Scattered across the crash site are grim remnants of daily life - burnt cars and motorcycles, twisted beds and furniture, charred books, clothes and personal belongings.
The Atulyam-4 hostel building and the adjoining canteen complex stand abandoned, with entry strictly prohibited.
For residents near the site, memories of the incident still linger, casting a lasting shadow on their lives, with some of them saying they are still afraid to look up at the sky when an aircraft passes overhead.
On June 12, Air India flight AI-171, a Boeing 787-8 Dreamliner bound for London, crashed moments after take-off from the Sardar Vallabhbhai Patel International Airport, killing 260 persons.
The aircraft slammed into the BJ Medical College hostel complex in Meghaninagar, turning a lively student neighbourhood into a landscape of ruin and grief.
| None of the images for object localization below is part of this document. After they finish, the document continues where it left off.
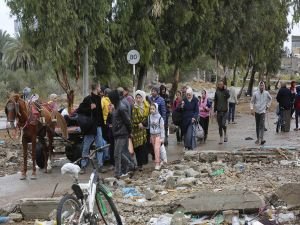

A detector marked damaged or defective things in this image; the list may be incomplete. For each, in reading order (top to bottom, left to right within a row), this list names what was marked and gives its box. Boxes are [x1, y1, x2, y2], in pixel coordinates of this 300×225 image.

broken concrete slab [19, 199, 60, 220]
broken concrete slab [177, 190, 264, 214]
broken concrete slab [276, 183, 300, 209]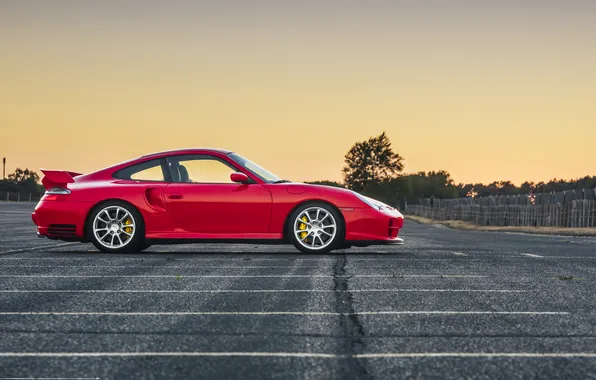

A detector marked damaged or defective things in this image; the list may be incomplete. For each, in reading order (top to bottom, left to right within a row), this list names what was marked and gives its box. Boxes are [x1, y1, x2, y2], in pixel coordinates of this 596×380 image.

pavement crack [332, 252, 370, 380]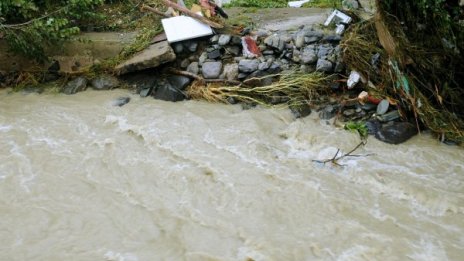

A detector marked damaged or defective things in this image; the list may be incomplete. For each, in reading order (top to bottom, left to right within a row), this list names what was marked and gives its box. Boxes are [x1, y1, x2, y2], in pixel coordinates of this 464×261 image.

broken concrete block [115, 40, 176, 74]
"The area now lies very silent, only a few birds chirp here," Sanjaybhai, a security guard deployed at the premises by authorities to prevent trespassing, told PTI.
Mahendrasingh Jadeja, a general store owner whose shop is just 50 metres from the point where the aircraft struck, described it as an unimaginable calamity. "In all my years, I have never seen anything like this."
Pointing to a tree behind his shop, the 60-year-old said the aircraft first struck there before crashing into the hostel building.
"It was a scorching summer afternoon. Not many people were outside. When I heard a loud crashing sound, I ran out of my shop. We were all terrified," he recalled.
"Even today, we instinctively look up whenever a plane passes overhead," he added.
Another local, Manubhai Rajput, who lives barely 200 metres from the site, said he witnessed the horror unfold on June 12.
"The plane was flying unusually low. Before I could understand what was happening, there was thick black smoke and a deafening crash," he said.
For over three decades, Rajput and his neighbours lived close to the airport without giving much thought to the aircraft overhead.
"We never looked up at the sky. But that day is etched in my mind. The plane hit a tree first, and then there was a loud sound," he said.
Rajput recalled how hundreds of locals rushed to the site even before police, fire services or the Army arrived.
Tinaben, another resident of Meghaninagar, said she never imagined something like this could happen in Ahmedabad.
"Despite being close to the airport, this area always felt safe," she said.
As an aircraft roared overhead during the conversation, Tinaben paused, looked up nervously and said, "It's still scary."
A senior official of Civil Hospital Ahmedabad, speaking on condition of anonymity, said the state government has yet to decide what to do with the damaged site.
Currently, investigations are going on and the site is strictly prohibited for people, he added.